> _Assignment_: Return the opening lines of the material, word for word. End with the line that contains "12x8mm Prehnite Faceted".

····················

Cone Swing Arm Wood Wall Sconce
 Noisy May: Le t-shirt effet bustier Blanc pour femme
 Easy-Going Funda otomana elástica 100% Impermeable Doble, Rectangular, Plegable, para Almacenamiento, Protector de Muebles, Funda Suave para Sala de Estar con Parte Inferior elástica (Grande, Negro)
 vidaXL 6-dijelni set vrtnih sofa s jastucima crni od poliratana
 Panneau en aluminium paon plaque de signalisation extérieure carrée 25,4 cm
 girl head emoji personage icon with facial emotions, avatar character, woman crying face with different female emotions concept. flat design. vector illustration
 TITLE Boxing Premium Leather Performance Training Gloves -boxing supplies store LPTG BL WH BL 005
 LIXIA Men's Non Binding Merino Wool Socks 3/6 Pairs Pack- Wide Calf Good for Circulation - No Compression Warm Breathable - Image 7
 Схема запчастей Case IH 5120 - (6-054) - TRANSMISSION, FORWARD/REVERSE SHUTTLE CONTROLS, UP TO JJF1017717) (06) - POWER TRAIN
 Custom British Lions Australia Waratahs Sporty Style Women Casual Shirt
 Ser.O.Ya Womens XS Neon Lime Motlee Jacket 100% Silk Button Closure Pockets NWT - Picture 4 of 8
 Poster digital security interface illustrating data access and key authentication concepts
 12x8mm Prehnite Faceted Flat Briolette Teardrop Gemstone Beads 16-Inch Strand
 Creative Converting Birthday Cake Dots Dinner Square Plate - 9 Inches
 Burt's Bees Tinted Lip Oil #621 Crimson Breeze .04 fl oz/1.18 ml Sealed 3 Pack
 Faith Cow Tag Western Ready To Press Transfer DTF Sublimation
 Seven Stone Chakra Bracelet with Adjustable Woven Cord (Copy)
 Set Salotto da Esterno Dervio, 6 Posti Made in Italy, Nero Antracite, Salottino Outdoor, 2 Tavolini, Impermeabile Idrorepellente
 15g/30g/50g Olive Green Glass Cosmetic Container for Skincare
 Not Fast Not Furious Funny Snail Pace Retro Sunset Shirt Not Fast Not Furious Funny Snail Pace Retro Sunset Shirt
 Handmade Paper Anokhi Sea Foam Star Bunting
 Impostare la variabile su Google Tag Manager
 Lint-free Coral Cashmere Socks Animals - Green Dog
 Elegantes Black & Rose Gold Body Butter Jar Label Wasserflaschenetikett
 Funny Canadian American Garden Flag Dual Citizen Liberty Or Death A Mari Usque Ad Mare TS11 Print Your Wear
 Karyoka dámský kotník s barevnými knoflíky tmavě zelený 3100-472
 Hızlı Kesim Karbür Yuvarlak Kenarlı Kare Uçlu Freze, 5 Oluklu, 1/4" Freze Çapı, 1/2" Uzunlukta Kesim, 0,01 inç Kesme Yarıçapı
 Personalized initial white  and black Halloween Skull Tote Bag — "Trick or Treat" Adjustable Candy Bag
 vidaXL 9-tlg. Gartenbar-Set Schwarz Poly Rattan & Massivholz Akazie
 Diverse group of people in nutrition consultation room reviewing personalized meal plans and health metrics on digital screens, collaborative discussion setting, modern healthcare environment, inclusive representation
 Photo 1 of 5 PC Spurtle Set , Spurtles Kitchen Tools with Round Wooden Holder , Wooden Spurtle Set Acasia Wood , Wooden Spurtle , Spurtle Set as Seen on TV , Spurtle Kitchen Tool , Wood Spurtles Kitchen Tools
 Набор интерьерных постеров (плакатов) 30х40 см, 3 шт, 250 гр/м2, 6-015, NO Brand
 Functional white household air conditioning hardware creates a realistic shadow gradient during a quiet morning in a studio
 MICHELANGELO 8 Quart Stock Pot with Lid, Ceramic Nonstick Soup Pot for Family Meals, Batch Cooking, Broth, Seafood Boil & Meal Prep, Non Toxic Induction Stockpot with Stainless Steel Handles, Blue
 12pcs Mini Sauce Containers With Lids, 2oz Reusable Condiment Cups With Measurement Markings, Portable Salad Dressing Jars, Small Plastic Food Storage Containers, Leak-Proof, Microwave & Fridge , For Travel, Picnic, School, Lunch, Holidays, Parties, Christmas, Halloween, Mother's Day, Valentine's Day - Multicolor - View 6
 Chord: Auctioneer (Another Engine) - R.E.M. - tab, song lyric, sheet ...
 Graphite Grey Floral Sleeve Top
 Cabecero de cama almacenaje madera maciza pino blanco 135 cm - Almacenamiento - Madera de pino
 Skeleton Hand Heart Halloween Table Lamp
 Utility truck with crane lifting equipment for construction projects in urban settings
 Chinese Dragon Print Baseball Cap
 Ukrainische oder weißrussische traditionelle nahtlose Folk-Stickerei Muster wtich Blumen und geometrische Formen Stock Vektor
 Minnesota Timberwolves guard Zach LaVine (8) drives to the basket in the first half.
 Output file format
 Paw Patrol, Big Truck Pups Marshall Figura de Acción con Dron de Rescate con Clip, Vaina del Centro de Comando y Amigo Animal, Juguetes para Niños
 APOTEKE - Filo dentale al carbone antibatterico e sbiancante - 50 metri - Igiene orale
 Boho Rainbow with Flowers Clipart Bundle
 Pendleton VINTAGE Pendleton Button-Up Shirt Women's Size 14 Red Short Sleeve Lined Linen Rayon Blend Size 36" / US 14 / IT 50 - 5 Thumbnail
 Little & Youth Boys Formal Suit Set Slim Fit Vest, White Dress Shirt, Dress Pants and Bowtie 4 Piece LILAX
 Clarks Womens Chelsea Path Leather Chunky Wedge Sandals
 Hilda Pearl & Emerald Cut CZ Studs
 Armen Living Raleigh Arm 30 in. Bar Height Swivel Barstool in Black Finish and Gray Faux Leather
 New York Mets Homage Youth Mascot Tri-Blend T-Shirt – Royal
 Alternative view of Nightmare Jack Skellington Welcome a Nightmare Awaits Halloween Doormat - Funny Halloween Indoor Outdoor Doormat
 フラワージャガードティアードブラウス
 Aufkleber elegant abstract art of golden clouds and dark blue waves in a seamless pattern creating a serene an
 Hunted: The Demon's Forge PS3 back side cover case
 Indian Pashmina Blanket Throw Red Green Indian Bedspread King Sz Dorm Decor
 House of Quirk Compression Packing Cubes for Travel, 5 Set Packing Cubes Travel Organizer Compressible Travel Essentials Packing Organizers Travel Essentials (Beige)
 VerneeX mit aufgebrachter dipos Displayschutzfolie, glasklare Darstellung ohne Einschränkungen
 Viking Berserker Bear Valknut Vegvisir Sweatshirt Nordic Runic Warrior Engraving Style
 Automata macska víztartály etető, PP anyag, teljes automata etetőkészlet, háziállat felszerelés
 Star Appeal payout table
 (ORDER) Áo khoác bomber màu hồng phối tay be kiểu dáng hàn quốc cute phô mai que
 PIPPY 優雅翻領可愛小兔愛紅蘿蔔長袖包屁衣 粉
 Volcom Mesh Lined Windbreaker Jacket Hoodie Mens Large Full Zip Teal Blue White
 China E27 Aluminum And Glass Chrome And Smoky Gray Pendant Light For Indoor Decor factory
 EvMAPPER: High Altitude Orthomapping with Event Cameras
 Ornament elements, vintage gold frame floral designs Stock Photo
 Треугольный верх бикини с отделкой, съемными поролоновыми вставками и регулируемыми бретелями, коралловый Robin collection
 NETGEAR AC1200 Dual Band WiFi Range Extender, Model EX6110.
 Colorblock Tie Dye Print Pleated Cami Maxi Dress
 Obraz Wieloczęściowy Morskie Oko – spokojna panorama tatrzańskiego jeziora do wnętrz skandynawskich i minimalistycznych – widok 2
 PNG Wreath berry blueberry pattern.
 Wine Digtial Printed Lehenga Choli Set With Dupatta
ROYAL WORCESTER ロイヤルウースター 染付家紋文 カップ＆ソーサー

····················

> _Reply_:
Cone Swing Arm Wood Wall Sconce
 Noisy May: Le t-shirt effet bustier Blanc pour femme
 Easy-Going Funda otomana elástica 100% Impermeable Doble, Rectangular, Plegable, para Almacenamiento, Protector de Muebles, Funda Suave para Sala de Estar con Parte Inferior elástica (Grande, Negro)
 vidaXL 6-dijelni set vrtnih sofa s jastucima crni od poliratana
 Panneau en aluminium paon plaque de signalisation extérieure carrée 25,4 cm
 girl head emoji personage icon with facial emotions, avatar character, woman crying face with different female emotions concept. flat design. vector illustration
 TITLE Boxing Premium Leather Performance Training Gloves -boxing supplies store LPTG BL WH BL 005
 LIXIA Men's Non Binding Merino Wool Socks 3/6 Pairs Pack- Wide Calf Good for Circulation - No Compression Warm Breathable - Image 7
 Схема запчастей Case IH 5120 - (6-054) - TRANSMISSION, FORWARD/REVERSE SHUTTLE CONTROLS, UP TO JJF1017717) (06) - POWER TRAIN
 Custom British Lions Australia Waratahs Sporty Style Women Casual Shirt
 Ser.O.Ya Womens XS Neon Lime Motlee Jacket 100% Silk Button Closure Pockets NWT - Picture 4 of 8
 Poster digital security interface illustrating data access and key authentication concepts
 12x8mm Prehnite Faceted Flat Briolette Teardrop Gemstone Beads 16-Inch Strand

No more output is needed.